*** Opening of Supplied records ***

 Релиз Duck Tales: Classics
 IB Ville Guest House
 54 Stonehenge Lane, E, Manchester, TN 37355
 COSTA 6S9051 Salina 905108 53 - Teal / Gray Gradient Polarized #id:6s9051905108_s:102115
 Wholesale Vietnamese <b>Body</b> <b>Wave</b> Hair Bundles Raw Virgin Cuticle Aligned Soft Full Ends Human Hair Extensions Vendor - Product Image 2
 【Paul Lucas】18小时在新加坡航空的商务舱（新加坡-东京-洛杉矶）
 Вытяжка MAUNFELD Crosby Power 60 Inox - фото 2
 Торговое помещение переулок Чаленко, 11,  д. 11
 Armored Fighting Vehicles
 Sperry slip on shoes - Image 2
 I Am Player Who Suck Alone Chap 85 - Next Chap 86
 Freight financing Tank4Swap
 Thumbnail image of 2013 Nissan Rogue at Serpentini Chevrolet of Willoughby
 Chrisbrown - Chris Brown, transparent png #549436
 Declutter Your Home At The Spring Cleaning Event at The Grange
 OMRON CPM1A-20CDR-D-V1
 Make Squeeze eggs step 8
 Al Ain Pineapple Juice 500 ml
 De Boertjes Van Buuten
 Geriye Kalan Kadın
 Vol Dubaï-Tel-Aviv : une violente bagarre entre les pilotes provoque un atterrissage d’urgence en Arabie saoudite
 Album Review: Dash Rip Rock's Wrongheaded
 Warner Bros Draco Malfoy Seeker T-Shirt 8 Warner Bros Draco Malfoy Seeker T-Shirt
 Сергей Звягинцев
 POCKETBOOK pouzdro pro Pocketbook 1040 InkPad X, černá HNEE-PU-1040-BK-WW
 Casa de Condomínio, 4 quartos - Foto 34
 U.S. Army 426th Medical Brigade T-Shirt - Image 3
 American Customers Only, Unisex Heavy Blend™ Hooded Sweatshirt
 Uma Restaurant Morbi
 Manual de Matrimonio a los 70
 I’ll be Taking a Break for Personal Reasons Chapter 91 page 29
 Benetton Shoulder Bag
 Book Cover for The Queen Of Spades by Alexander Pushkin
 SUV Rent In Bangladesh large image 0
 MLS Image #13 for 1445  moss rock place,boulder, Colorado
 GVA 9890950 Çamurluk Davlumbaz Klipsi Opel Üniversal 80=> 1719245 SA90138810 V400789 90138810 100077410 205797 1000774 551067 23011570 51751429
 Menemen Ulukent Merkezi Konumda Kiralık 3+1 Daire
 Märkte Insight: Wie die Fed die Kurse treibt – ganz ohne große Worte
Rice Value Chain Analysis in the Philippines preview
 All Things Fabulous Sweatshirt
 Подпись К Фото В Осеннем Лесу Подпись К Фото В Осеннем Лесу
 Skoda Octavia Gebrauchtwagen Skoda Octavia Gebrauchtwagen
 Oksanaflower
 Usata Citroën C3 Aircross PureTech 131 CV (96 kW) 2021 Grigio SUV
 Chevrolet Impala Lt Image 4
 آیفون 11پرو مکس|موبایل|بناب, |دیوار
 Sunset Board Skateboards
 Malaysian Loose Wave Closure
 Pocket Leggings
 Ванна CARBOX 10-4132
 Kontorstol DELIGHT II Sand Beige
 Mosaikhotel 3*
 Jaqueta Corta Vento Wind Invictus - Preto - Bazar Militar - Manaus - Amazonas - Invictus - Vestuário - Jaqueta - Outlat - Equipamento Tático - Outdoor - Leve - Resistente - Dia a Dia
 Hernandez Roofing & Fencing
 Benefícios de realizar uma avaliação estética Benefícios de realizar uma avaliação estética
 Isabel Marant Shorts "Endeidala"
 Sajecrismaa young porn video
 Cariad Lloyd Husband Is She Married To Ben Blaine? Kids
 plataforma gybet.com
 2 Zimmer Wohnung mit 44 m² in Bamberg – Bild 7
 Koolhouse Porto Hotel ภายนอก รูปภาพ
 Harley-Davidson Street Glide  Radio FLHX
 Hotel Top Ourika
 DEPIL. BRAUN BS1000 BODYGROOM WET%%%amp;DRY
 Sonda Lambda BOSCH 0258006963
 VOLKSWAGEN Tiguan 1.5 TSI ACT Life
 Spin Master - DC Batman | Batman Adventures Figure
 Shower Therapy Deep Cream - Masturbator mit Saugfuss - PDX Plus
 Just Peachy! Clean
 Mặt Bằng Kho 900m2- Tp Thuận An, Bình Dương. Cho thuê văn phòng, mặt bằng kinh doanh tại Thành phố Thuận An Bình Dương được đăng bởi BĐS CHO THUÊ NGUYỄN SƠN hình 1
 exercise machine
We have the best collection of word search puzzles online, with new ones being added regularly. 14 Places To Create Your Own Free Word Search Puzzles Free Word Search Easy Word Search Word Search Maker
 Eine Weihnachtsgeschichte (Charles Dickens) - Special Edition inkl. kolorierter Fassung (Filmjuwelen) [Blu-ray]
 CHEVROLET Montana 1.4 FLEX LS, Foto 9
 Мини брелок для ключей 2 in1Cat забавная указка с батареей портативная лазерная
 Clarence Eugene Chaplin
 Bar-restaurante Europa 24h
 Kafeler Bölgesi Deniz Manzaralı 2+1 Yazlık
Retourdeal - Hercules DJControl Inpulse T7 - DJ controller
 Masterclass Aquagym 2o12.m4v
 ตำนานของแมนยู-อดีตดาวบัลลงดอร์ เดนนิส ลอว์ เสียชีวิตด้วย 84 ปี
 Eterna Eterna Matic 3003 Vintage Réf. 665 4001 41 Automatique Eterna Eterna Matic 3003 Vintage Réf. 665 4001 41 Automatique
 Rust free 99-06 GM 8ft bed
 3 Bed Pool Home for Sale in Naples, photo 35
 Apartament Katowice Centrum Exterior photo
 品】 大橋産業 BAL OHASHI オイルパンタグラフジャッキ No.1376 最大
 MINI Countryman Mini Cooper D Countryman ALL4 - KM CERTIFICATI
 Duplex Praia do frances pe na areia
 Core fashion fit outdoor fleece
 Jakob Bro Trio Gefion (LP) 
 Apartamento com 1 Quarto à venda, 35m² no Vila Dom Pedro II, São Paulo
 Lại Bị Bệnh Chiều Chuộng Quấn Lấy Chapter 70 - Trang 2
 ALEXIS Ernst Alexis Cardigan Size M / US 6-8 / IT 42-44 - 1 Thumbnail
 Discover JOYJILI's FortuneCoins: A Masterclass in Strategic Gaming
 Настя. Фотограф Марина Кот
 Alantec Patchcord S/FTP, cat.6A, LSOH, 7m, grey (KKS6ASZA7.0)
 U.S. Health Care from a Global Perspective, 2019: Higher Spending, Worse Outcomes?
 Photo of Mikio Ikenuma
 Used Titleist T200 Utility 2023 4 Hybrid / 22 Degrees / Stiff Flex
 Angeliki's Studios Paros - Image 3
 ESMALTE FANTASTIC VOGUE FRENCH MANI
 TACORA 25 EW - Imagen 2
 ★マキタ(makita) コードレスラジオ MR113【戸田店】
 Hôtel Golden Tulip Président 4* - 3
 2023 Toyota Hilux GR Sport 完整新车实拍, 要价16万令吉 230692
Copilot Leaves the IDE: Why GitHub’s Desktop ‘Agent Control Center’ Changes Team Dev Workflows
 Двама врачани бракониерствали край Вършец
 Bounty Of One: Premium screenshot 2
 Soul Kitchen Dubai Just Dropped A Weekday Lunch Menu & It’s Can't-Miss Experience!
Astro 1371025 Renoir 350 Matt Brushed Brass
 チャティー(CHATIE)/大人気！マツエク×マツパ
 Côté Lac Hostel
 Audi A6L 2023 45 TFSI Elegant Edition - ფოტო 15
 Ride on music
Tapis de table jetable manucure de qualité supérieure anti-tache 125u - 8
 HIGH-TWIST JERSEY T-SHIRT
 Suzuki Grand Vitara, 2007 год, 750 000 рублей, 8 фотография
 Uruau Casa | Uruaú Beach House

*** Close of Supplied records ***

Give back exactly the lines above starting at the line where "54 Stonehenge Lane, E, Manchester, TN 37355" appears and ending at the line where "COSTA 6S9051 Salina" appears, both included, with no other lines.

**Exercise output**
 54 Stonehenge Lane, E, Manchester, TN 37355
 COSTA 6S9051 Salina 905108 53 - Teal / Gray Gradient Polarized #id:6s9051905108_s:102115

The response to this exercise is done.